Short Stories for Teachers

Teaching Students With the Power of Solar
By:Nathan Lew

Seventeen years ago, two Cal Arts professors started the Side Street project, a Pasadena, California-based arts organization which every year reaches 1,000 children ages 5-11 and teaches them how to use tools and create unique objects out of wood.

Operating from mobile units, or travel trailers, these hands-on teaching programs are so economically conservationist, 80 percent of donations go directly to delivering services. To stretch the money even further, a year ago Side Streets purchased solar panels with a $50,000 grant from The Ahmanson Foundation - installation overseen by Side Street's staff and volunteers.

This 3,000-watt solar array delivers needed power to light the mobile teaching units and to power tools and other electrical units within the trailers. The teaching trailers currently reside at 730 North Fair Oaks, on unused land donated by the city, but when this lease expires they are mobile enough to take up residence elsewhere, displaying what one Side Streets worker has dubbed "stability through mobility". Like turtles in their shells, the trailers can move on a moment's notice if need be, though they have one advantage turtles lack; mobile power through solar energy.

Side Street's programs are becoming increasingly important as cash-strapped school districts, confronted by decreasing enrollment, lowered funding and an increasingly negative economy, are forced to close on-site art programs.

The combination of mobility and solar energy has allowed the organization to reach more children in a timely manner at less expense. Without the cost of office rent and electricity, Side Streets mobile units are now focused on expanding their services to include high school students, and expand program offerings to include art media other than wood.

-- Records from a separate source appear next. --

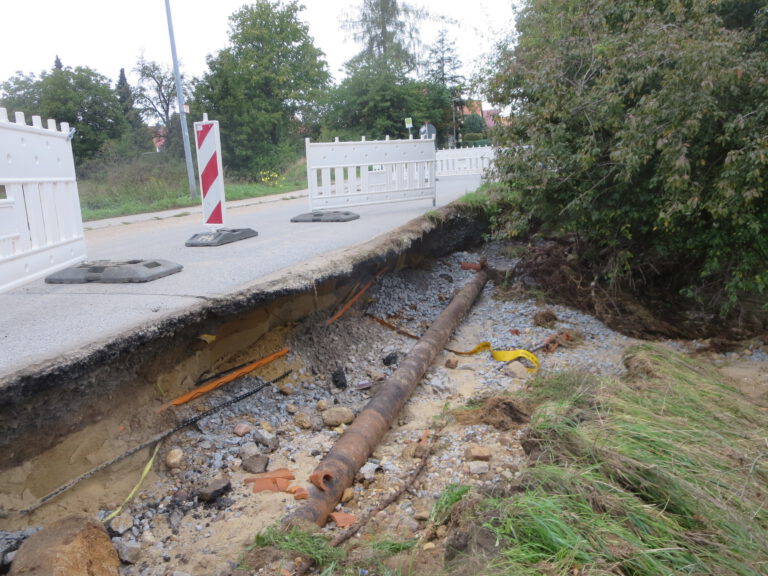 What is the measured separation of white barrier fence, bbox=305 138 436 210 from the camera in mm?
8953

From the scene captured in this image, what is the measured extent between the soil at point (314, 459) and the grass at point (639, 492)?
27 centimetres

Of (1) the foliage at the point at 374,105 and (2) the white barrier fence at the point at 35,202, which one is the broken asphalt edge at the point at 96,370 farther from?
(1) the foliage at the point at 374,105

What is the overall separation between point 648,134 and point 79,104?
29227 mm

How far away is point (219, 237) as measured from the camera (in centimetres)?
693

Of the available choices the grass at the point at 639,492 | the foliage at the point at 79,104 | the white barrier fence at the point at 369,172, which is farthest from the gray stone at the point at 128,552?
the foliage at the point at 79,104

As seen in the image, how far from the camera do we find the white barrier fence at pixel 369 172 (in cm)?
895

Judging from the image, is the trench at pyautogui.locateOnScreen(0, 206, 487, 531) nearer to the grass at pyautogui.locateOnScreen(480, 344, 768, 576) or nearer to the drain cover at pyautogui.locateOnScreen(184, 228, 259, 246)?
the drain cover at pyautogui.locateOnScreen(184, 228, 259, 246)

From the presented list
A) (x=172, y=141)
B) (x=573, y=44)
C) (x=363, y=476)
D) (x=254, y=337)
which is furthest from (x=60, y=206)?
(x=172, y=141)

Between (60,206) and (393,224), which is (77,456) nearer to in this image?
(60,206)

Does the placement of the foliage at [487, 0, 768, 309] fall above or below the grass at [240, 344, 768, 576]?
above

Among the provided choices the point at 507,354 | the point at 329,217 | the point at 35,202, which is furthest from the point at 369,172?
the point at 35,202

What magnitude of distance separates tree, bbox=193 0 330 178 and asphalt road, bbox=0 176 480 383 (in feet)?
68.5

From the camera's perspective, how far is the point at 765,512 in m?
2.62

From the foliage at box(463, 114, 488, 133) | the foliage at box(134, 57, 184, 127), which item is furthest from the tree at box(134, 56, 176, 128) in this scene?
the foliage at box(463, 114, 488, 133) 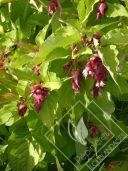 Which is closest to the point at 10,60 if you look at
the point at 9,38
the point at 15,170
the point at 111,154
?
the point at 9,38

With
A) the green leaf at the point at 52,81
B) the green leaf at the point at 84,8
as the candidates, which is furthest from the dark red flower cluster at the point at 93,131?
the green leaf at the point at 84,8

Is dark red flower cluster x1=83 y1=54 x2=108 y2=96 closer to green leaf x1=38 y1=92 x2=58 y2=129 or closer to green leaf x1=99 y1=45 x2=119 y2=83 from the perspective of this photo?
green leaf x1=99 y1=45 x2=119 y2=83

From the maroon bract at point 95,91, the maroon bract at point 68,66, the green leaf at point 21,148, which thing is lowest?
the green leaf at point 21,148

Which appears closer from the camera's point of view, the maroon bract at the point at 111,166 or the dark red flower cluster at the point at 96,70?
the dark red flower cluster at the point at 96,70

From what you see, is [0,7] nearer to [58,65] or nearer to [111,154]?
[58,65]

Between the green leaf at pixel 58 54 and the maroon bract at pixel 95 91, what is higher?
the green leaf at pixel 58 54

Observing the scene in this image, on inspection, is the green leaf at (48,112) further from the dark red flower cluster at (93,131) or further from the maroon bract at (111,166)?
the maroon bract at (111,166) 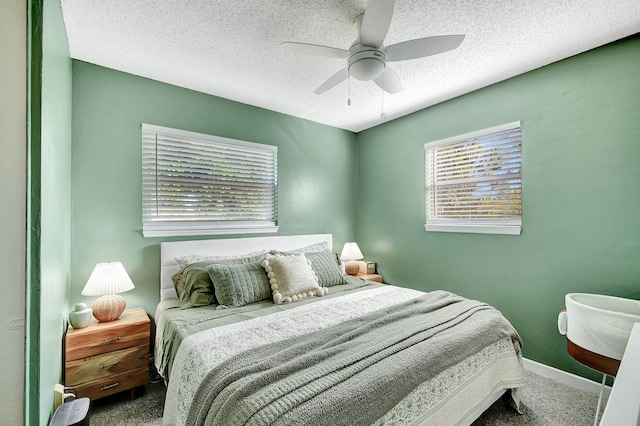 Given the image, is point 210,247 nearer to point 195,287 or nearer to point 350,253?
point 195,287

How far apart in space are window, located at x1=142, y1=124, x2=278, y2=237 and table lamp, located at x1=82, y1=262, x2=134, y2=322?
0.45 metres

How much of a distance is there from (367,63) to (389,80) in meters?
0.42

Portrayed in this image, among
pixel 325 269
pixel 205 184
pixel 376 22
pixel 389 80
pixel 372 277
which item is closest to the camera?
pixel 376 22

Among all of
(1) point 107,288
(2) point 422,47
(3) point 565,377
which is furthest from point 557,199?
(1) point 107,288

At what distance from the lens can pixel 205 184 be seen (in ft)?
9.42

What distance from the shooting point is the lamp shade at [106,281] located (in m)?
2.09

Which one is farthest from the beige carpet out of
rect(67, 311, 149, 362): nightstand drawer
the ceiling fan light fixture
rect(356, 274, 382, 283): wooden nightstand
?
the ceiling fan light fixture

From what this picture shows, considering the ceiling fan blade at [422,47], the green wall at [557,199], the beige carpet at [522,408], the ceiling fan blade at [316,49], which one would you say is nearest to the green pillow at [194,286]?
→ the beige carpet at [522,408]

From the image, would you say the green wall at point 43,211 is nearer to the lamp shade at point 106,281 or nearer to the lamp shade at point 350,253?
the lamp shade at point 106,281

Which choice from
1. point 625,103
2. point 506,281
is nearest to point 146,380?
point 506,281

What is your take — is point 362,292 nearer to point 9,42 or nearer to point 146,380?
point 146,380

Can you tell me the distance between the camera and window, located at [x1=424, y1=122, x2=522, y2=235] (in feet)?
8.57

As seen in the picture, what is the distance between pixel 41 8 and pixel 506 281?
360 cm

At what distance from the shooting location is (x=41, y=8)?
1.16 m
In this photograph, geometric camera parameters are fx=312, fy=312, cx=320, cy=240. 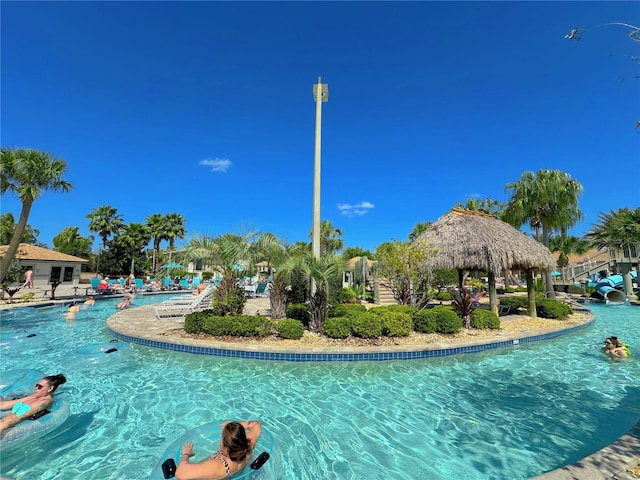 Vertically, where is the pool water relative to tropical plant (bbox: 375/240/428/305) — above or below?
below

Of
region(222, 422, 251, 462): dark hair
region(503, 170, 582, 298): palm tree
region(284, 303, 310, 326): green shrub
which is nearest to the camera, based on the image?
region(222, 422, 251, 462): dark hair

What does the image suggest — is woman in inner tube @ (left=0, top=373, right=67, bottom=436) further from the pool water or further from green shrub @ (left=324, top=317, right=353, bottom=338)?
green shrub @ (left=324, top=317, right=353, bottom=338)

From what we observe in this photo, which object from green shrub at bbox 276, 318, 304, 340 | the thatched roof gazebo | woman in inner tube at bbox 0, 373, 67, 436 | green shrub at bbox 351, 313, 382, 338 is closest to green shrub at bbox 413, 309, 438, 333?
green shrub at bbox 351, 313, 382, 338

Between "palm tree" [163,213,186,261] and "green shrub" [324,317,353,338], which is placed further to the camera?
"palm tree" [163,213,186,261]

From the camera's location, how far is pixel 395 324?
8.20 m

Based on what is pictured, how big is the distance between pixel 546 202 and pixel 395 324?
15122mm

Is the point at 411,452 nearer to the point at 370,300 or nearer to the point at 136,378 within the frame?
the point at 136,378

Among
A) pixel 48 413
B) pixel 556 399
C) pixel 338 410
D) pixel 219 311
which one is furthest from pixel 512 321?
pixel 48 413

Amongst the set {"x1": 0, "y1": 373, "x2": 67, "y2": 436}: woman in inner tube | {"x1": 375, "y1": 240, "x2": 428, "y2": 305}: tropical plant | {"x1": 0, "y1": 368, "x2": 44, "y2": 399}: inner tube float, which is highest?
{"x1": 375, "y1": 240, "x2": 428, "y2": 305}: tropical plant

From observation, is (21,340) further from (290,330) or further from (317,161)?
(317,161)

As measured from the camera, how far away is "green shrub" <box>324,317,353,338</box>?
7.96 m

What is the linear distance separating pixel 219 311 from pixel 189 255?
177 cm

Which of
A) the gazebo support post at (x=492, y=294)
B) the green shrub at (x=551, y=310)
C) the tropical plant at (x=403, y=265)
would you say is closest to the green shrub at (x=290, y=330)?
the tropical plant at (x=403, y=265)

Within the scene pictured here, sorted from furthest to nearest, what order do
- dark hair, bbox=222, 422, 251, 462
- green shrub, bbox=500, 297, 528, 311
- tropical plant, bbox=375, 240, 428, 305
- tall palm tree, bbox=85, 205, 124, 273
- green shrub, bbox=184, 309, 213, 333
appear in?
tall palm tree, bbox=85, 205, 124, 273 → green shrub, bbox=500, 297, 528, 311 → tropical plant, bbox=375, 240, 428, 305 → green shrub, bbox=184, 309, 213, 333 → dark hair, bbox=222, 422, 251, 462
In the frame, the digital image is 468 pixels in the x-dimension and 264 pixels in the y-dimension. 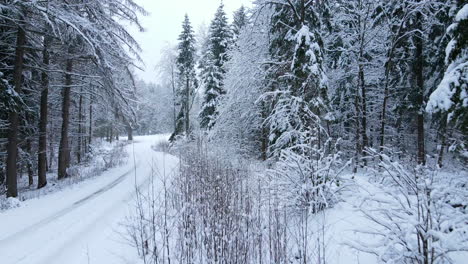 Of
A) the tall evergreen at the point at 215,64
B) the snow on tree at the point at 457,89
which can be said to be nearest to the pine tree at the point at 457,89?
the snow on tree at the point at 457,89

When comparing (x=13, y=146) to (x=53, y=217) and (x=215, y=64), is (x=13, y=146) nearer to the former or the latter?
(x=53, y=217)

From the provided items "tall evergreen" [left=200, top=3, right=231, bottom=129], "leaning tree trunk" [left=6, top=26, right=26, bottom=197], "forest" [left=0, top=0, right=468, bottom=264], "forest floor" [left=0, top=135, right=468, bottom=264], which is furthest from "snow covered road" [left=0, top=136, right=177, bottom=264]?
"tall evergreen" [left=200, top=3, right=231, bottom=129]

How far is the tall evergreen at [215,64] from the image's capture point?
22266 mm

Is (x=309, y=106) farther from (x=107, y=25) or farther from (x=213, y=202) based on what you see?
(x=107, y=25)

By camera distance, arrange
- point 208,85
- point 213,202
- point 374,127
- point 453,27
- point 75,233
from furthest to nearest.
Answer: point 208,85 → point 374,127 → point 75,233 → point 213,202 → point 453,27

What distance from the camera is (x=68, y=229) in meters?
5.48

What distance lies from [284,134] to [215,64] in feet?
52.7

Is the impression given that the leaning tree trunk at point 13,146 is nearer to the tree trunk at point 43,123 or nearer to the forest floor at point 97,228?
the forest floor at point 97,228

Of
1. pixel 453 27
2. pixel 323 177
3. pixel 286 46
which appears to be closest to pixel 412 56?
pixel 286 46

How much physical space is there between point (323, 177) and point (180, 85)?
30513 millimetres

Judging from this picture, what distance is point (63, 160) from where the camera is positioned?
13328 millimetres

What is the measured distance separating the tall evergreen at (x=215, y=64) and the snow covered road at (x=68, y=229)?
47.4 feet

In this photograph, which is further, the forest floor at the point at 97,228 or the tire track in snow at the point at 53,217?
the tire track in snow at the point at 53,217

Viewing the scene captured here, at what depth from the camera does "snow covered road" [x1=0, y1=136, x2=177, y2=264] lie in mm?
4270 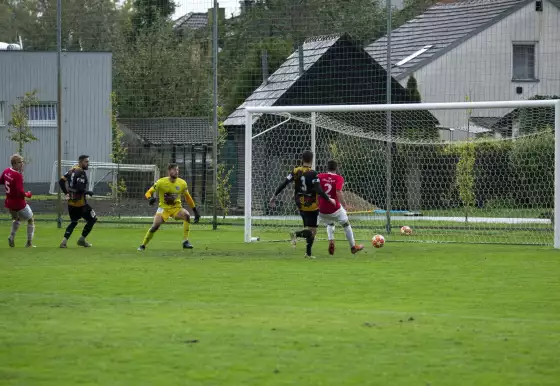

To fulfill this objective, Side Streets plans to purchase two more trailers, hopefully also solar-equipped, which they will also convert to classrooms with interchangeable work stations. That way, they can reduce student costs more than 30 percent and still quadruple capacity.

This sort of thinking, so far outside the box it is mind-boggling, may represent a wave of the future in which mobile teaching units serve smaller and smaller but geographically disparate student bodies more effectively. Given the cost structure of modern school districts, it may in fact be an idea which has found its time.